Nesse contexto, ficou estabelecido que serão essenciais os insumos do qual dependa, intrínseca e fundamentalmente, o produto ou o serviço para sua existência, bem como para garantir sua qualidade, quantidade e/ou suficiência. Também cumpre a mesma característica de essencial o insumo cuja finalidade, embora não indispensável à elaboração do próprio produto ou à prestação do serviço, integre o processo de produção e seja necessário pelas singularidades de cada cadeia produtiva ou imposto por obrigação decorrente de lei.

E dentro desse cenário, a LGPD impõe ao contribuinte que este invista nas adequações necessárias para cumprir as suas exigências, sob pena de ser gravemente responsabilizado. De outro lado, também é possível verificar que tais gastos se relacionam à qualidade do serviço prestado, especialmente para aquele cuja atividade-fim exige o tratamento de dados pessoais. Esses dois fatores já revelam a plausibilidade do direito das pessoas jurídicas que apuram o PIS e a COFINS no regime não-cumulativo de computarem créditos destas contribuições decorrentes do investimento na adequação à LGPD.

Já existe decisão reconhecendo o direito do contribuinte de computar o crédito de PIS e COFINS desde que comprove os gastos com a adequação à LGPD. Porém, a jurisprudência ainda precisa desenvolver melhor o tema, inclusive porque o Supremo Tribunal Federal já admitiu analisar o conceito de insumo sob o viés constitucional, uma vez que a Constituição Federal não definiu uma técnica específica para a não cumulatividade das contribuições.

A Suprema Corte identificou a existência de repercussão geral (Tema 756) neste assunto, que é critério indispensável para análise de matérias constitucionais, ao afirmar que “O texto da EC 42/03, ao cuidar da matéria quanto ao PIS e à COFINS, referiu que ‘a lei definirá os setores de atividade econômica para os quais as contribuições incidentes na forma dos inciso(sic) I, b; e IV do caput, serão não cumulativas´ (CF art. 195, §12), deixando de registrar a fórmula que serviria de ponto de partida à exegese pontuada, ou qualquer outra.”. Ao final, a decisão que reconheceu a causa como de competência do STF, proferida pelo Ministro Luiz Fux, afirma que “… as restrições previstas nas referidas leis, a limitar o conceito de insumo na tributação sobre a receita, requerem a definição da amplitude do preceito previsto no §12 do art. 195 da CF”.
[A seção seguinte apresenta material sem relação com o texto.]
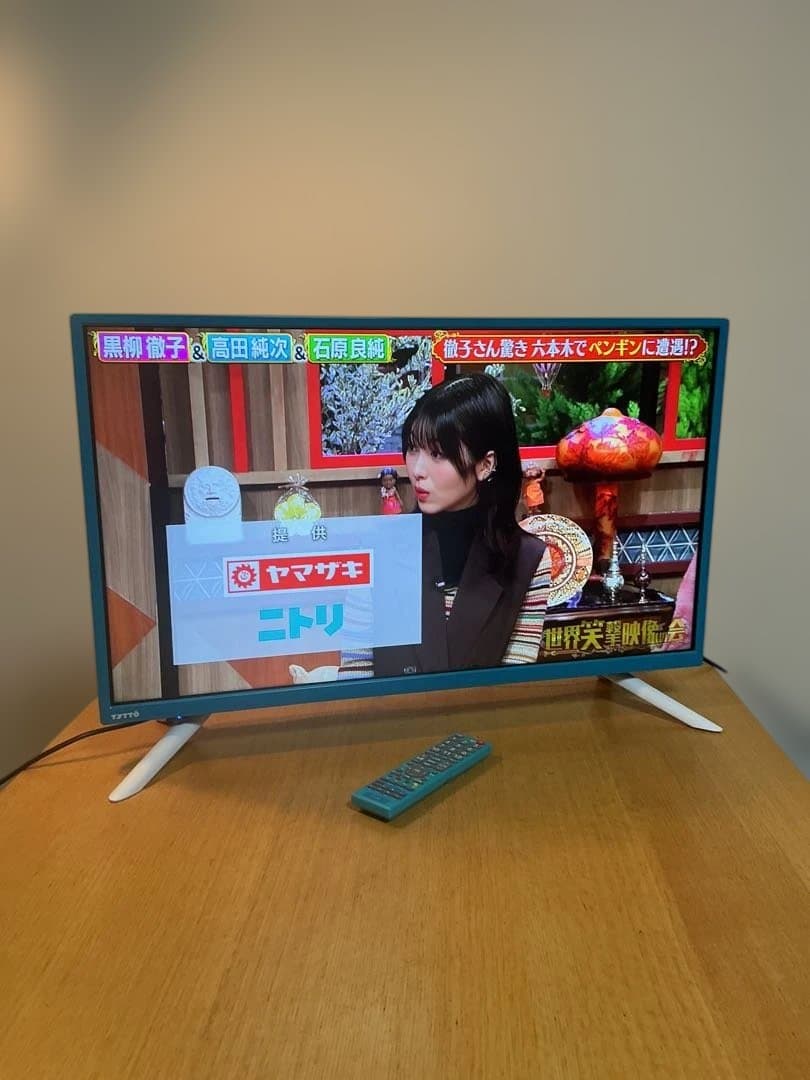 美品　届いてすぐ使える SANSUI 32型テレビ ブルー おしゃれ 付属品完備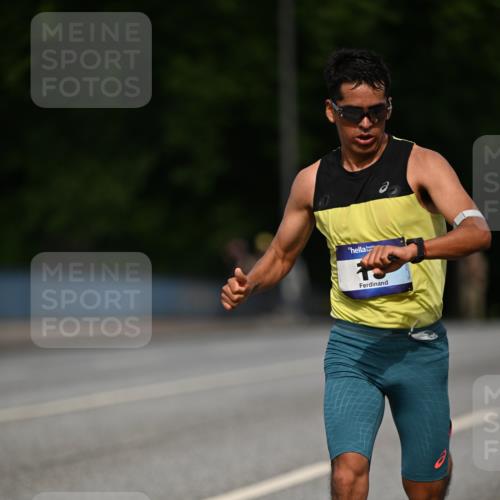 29.06.2025 - hella hamburg halbmarathon Dr. Thomas Lammeyer http://msf.ph/oto/8149666 29.06.2025 09:35:16 Kennedybrücke 14, 19 meine-sportfotos.de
Em face da falta de definição sobre a possibilidade de adjudicação do crédito decorrente do investimento na adequação da LGPD, e considerando que

o STF ainda irá se manifestar sobre o tema, podendo decidir de forma a garantir o crédito em específico, é fundamental que as empresas adotem uma postura de cautela e ajuízem ações para buscar garantir a recuperação total dos valores comprovadamente empregados na LGPD, uma vez que, após o julgamento do Tema 756, é possível que a Suprema Corte aplique a prejudicial modulação de efeitos que, de forma coloquial, pode ser resumida na frase “quem fez, fez, que não fez, não leva mais”, ao menos em relação aos valores já gastos.